Plongé dans ce texte-là, plongé dans Marâtre depuis des mois, de retour en littérature adulte aussi j'espère, très bientôt, plongé dans Marâtre, à l'heure où je vois l'issue du texte commencer à se profiler, même si je sais encore que j'en suis loin, que je suis loin du compte, je me souviens des écueils rencontrés y a longtemps, vingt ans sans doute à peu près, et j'espère les avoir évités, ou mieux traversés plutôt pour en tirer les enseignements.
Il y a vingt ans, mon écriture à phrases courtes, sèches, un peu trop je pense, avec la liberté pour les lecteurs justement, de mettre leurs espaces entre mes lignes, leurs sensations. Comme une forme de rencontre. Mais au final, et je crois que l'éditrice qui m'avait fait cette remarque n'avait pas tort, tout cela était surtout de bonnes trames, de bons squelettes, mais cela manquait d'ampleur, de souffle. Je comprends mieux aujourd'hui.

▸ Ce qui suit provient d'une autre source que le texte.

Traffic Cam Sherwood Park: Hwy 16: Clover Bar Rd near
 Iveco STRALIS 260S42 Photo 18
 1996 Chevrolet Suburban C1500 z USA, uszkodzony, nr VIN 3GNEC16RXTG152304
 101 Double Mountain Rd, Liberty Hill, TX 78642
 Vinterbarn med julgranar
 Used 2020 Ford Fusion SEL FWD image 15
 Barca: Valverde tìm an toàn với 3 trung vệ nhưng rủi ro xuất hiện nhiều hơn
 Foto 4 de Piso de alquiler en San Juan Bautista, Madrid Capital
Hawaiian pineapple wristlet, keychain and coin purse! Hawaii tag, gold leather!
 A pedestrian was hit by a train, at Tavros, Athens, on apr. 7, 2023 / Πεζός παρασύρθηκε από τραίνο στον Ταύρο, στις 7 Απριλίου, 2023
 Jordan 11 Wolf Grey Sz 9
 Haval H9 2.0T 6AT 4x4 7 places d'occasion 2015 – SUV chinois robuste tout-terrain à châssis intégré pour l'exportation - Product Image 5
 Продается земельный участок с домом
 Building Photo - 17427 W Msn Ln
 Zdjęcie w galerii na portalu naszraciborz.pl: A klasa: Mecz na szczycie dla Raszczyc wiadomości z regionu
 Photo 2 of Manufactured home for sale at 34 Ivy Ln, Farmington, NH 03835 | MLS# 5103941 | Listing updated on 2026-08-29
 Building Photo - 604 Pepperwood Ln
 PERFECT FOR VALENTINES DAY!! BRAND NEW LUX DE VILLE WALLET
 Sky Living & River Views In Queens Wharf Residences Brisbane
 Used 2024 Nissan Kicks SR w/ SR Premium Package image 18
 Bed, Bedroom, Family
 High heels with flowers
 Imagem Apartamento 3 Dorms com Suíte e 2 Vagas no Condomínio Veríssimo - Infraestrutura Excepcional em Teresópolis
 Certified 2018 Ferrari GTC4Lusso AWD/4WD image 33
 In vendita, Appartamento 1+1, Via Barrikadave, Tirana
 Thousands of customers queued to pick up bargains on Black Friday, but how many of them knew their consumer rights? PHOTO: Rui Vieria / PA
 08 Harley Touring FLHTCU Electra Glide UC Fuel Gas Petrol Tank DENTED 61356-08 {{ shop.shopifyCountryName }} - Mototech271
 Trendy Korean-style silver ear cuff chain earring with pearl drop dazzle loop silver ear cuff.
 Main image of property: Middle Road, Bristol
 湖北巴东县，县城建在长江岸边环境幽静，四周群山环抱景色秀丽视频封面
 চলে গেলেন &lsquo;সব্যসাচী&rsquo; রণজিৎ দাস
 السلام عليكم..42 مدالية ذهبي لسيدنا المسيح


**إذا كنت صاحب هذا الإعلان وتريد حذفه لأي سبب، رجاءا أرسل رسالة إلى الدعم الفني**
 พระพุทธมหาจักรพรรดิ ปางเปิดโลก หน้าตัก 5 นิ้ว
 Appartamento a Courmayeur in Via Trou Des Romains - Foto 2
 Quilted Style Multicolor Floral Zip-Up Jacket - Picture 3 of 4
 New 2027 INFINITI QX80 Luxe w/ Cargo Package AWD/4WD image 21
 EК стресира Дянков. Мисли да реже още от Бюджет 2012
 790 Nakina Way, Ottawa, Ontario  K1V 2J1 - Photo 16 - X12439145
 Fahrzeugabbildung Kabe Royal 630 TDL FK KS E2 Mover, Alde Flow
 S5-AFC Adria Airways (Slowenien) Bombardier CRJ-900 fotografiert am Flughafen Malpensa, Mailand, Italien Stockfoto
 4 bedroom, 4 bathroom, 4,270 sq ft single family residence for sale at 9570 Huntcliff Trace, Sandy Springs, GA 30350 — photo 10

En écrivant, c'est ridicule mais on veut se prouver des choses à soi-même aussi, qu'on est capable, et vite aussi, voilà tout le problème. La précipitation. Se dire qu'on a terminé alors qu'on vient de commencer. Alors que non surtout pas. Le temps de l'écriture, plutôt des années pour progresser, trouver les voix, les laisser s'épaissir, gonfler avant de retravailler, retailler. Espérer avoir progressé sur ce point après vingt ans de travail.

Le projet était bien celui-là. Après les avoir trouvées, longs temps de recherche, à l'affût, pour les entendre vraiment, laisser les voix s'épaissir, se développer, vider tout leur sac. Prendre le temps d'aller au bout avec elles. Finalement, sans les avoir apprivoisées tout à fait, les réduire au silence.